In Bild 1 sind Partition 2 und 3 die bisher vorhandenen Partitionen, wobei Partition 2 das Betriebssystem und Partition 3 die Benutzerdaten beinhaltet. Beide Partitionen wurden mit Hilfe eines Partition-Managers etwas verkleinert und nach hinten verschoben, um Platz für Partition 1 zu schaffen, die Ihre neue Surfpartition ist. Beim Booten hat man zwei Möglichkeiten:
1. Surfumgebung
Wenn man die Surfumgebung anwählt, versteckt der Bootmanager sowohl Partition 2 als auch 3 vor dem Betriebssystem der Surfpartition. Man sieht daher nur Partition 1 als Laufwerk C:. Da sich die Daten in Partition 3 nicht im Zugriff des Betriebssystems der Surfumgebung befinden, sind sie gegenüber unbefugtem Zugriff bestens geschützt. Da auch das Betriebssystem in Partition 2 unsichtbar ist, ist es darüberhinaus unmöglich, daß dort von der Surfpartition aus Schadsoftware installiert wird.
2. Arbeitsumgebung
Wenn man die Arbeitsumgebung anwählt, aktiviert der Bootmanager Partition 2 als Laufwerk C: und Partition 3 als Laufwerk D:, während Partition 1 versteckt wird. Damit erscheint Ihre Arbeitsumgebung genauso wie vorher, während die Surfpartition nicht sichtbar ist.

Multibootsystem
Bild 1: Partitionen bei einem Multibootsystem


Installieren Sie auf der neu erstellten Surfpartition das für das Surfen gewünschte Betriebssystem. Hinzu kommen lediglich Internet-Browser, ein eMail-Programm und ggf. einige Tools wie z.B. einen FTP-Client.
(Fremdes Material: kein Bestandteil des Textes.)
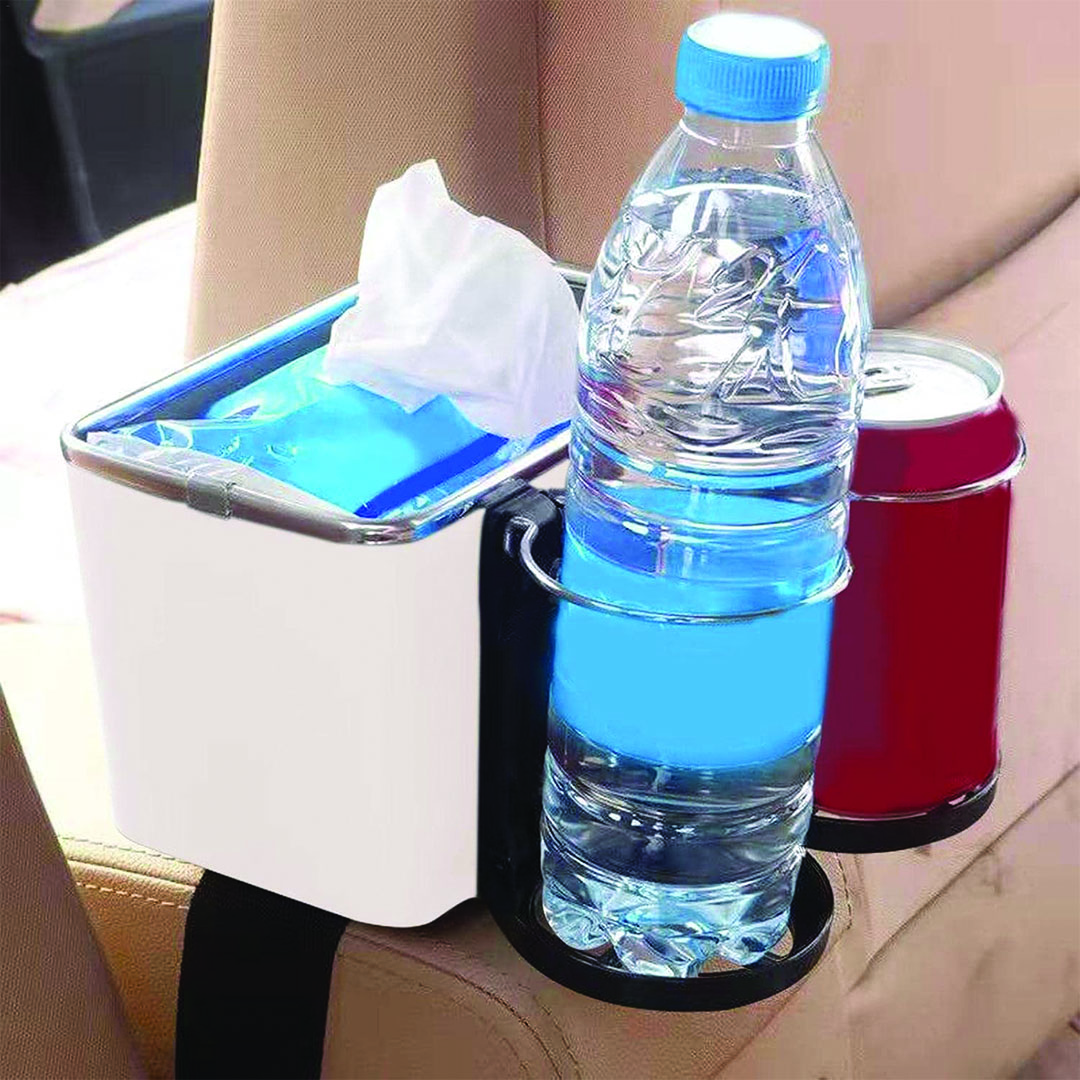 حامل اكواب قابل للطي مع صندوق تخزين للسياره - بيج/أسود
Jetzt müssen Sie nur noch den Internetzugang konfigurieren (und den auf Partition 2 deinstallieren), und schon können Sie vor Ausspähung sicher im Internet surfen. Denn weil diese Partition nicht auf vertrauliche Daten zugreifen kann, kann auch nichts ausgespäht werden. Wichtig ist jedoch, daß Sie keine Paßwörter auf dieser Partition speichern. Sofern Sie für den Internetzugang ein individuelles Paßwort angeben müssen, sollten Sie sich die Mühe machen, dieses bei jedem Einwählen neu einzutippen, d.h. die Option "Paßwort merken" unbedingt zu deaktivieren.

Damit haben Sie aber nur gegen Datenspionage sprich dem Auslesen Ihrer Festplatte vorgebeugt - zwar extrem wirkungsvoll, aber halt nur gegen Datenspionage. Daher sollten Sie Ihren Rechner auch gegen weitere Gefahren schützen.


Personal Firewall

Der Zugriff auf einen beliebigen, mit dem Internet verbundenen Rechner erfolgt über sogenannte Ports. Dies sind logische Zugänge, vergleichbar mit den Durchwahlnummern einer größeren Firma. Viele Windows-Rechner ermöglichen standardmäßig Zugang über alle diese Ports, d.h. Sie können von außerhalb alle Teilnehmer innerhalb der Firma erreichen. Damit alleine kann man aber weder Daten ausspähen noch den Rechner für eigene Zwecke mißbrauchen. Wenn aber auf dem Rechner eine Schadsoftware, kurz Trojaner genannt (gemeint ist natürlich ein trojanisches Pferd), installiert ist, kann man diesen über einen bestimmten Port fernsteuern und hat damit vollen Zugriff auf den Rechner, solange er mit dem Internet verbunden ist. Leider kommt es gar nicht so selten vor, daß auf einem Rechner ein Trojaner schlummert. Diesen können Sie sich über Software aus dubiosen Quellen oder aber das unbedarfte Öffnen eines Dateianhangs zugezogen haben. Mit Hilfe eines solchen Programms kann prinzipiell Ihr Rechner auch für Straftaten mißbraucht werden, so daß Sie hier unbedingt vorbeugen sollten. Man kann dies mit einer Person vergleichen, die man in die Firma infiltriert hat. Man braucht sie nur unter ihrer Durchwahl anzurufen und ihr den Auftrag zu geben, bestimmte Dinge zu tun.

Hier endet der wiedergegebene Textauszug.